> Exercise requirements
Line by line, give the data again exactly as it appears, but without pictures.

--- Supplied information ---

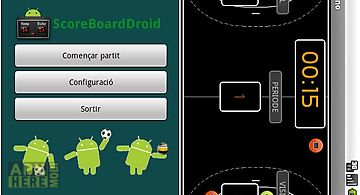 Score board droid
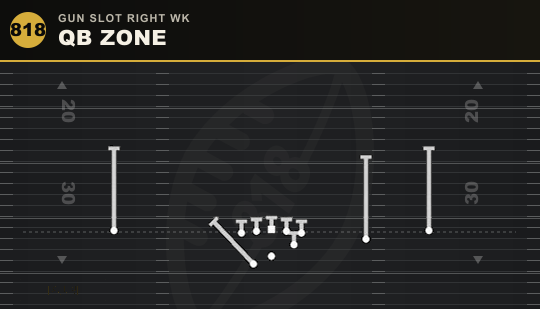 QB ZONE from Gun Slot Right Wk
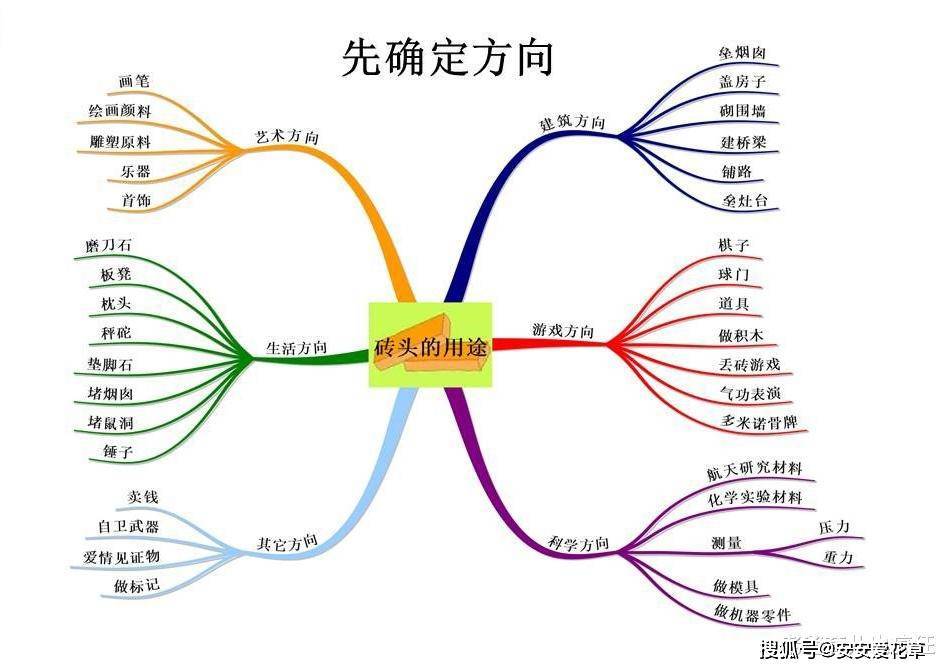 怎么提升孩子思维能力?亲子游戏结合思维导图,幼儿园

---

> Response area
 Score board droid
 QB ZONE from Gun Slot Right Wk
 怎么提升孩子思维能力?亲子游戏结合思维导图,幼儿园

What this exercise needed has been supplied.